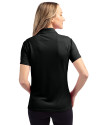 Greenville Drive Clique Ice Pique Womens Tech Polo Black Back Thumbnail Image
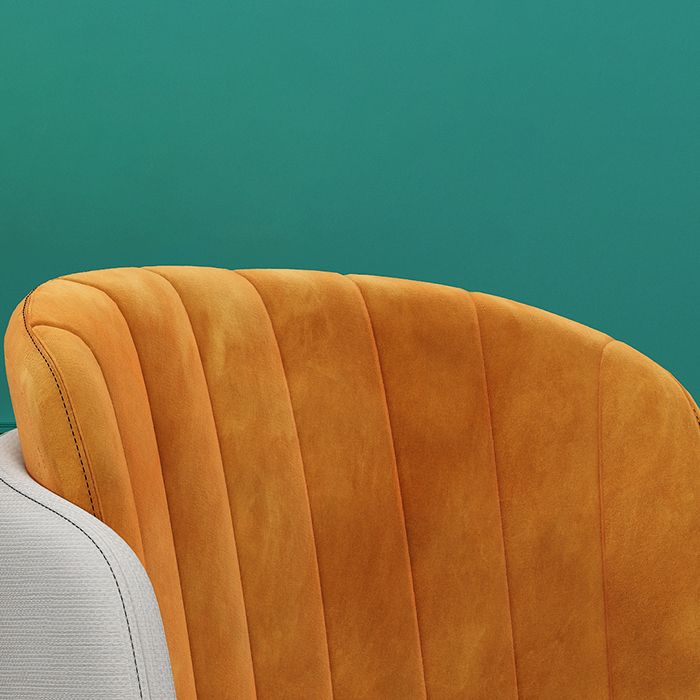 Scandinavian Armless Solid Back Chair for Home Upholstered Side Chair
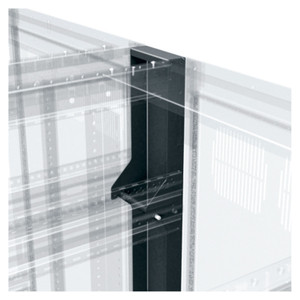 Middle Atlantic Cable Chase 45 Rack Units Front and Back Section Steel Black Powder - BGR-CC-45FB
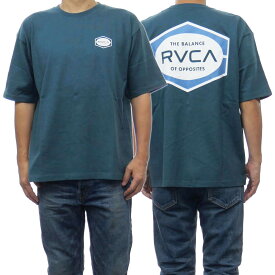 RVCA ルーカ メンズクルーネックTシャツ BD041224 / INDUSTRIAL SS マリンブルー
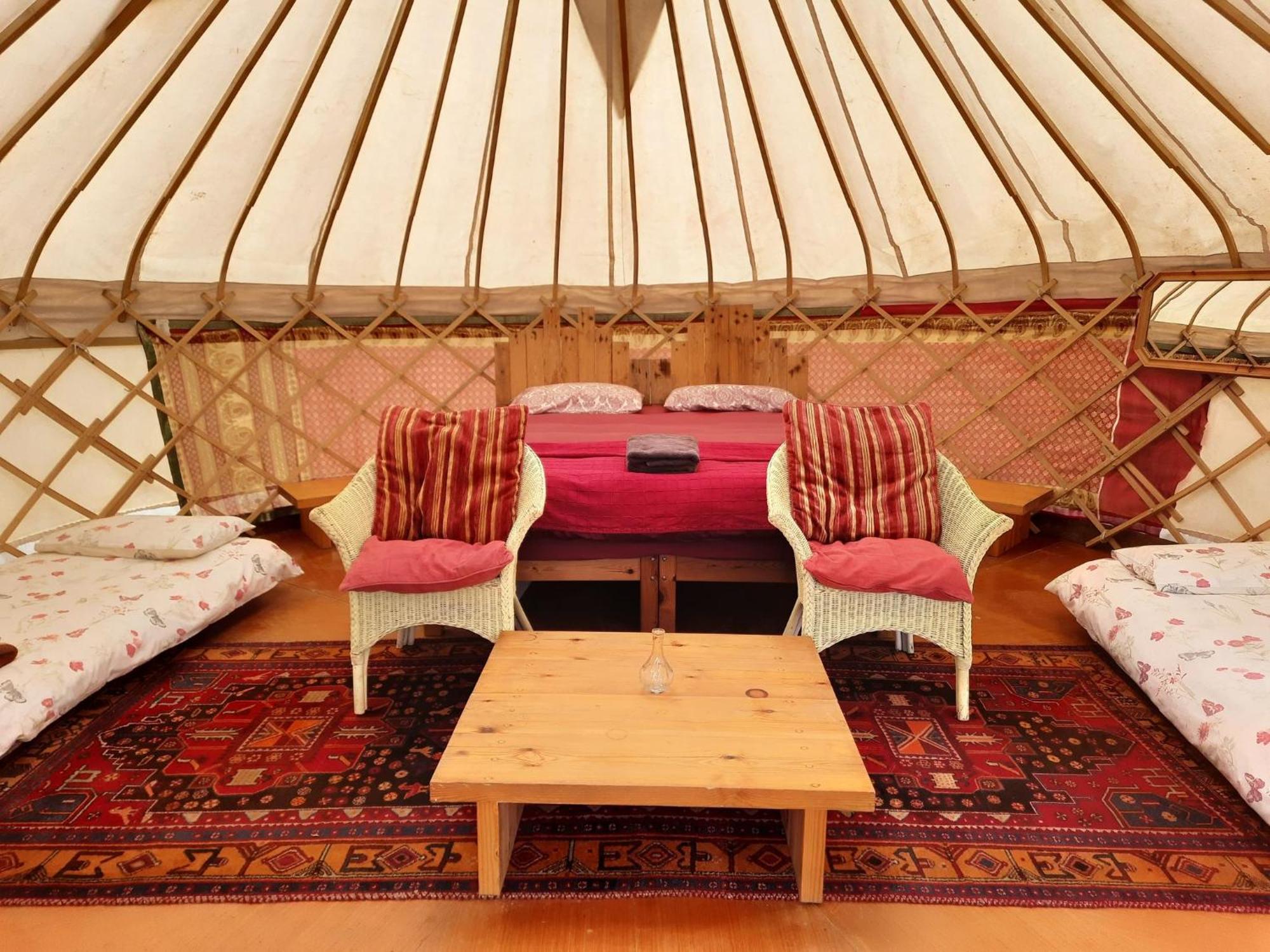 Ceridwen Glamping, Double Decker Bus And Yurts Llandysul Exterior foto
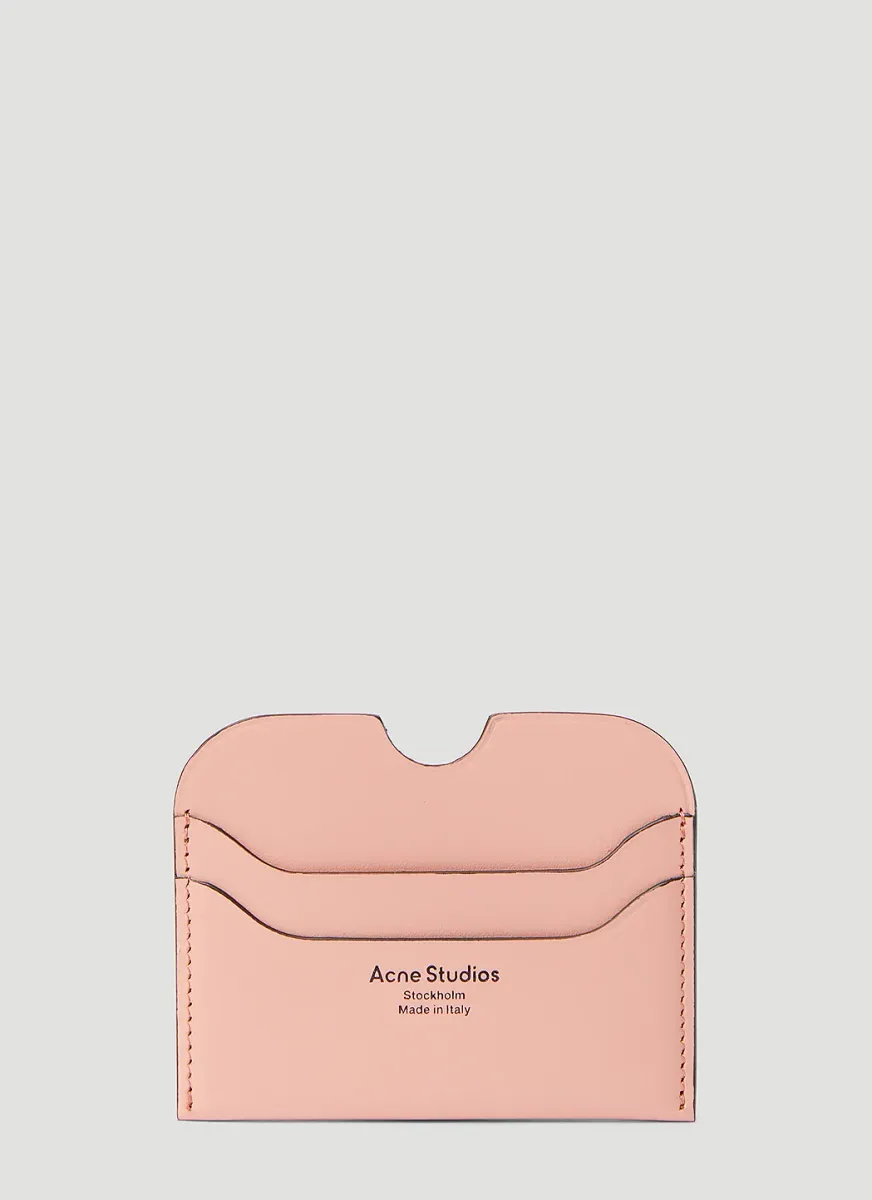 Logo Print Leather Cardholder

══════════════════════════════

• [EXERCISE DETAILS]
Quote the material in full and exactly; do not carry over its pictures.

• [RESPONSE TO THIS TASK]
 Greenville Drive Clique Ice Pique Womens Tech Polo Black Back Thumbnail Image
 Scandinavian Armless Solid Back Chair for Home Upholstered Side Chair
 Middle Atlantic Cable Chase 45 Rack Units Front and Back Section Steel Black Powder - BGR-CC-45FB
 RVCA ルーカ メンズクルーネックTシャツ BD041224 / INDUSTRIAL SS マリンブルー
 Ceridwen Glamping, Double Decker Bus And Yurts Llandysul Exterior foto
 Logo Print Leather Cardholder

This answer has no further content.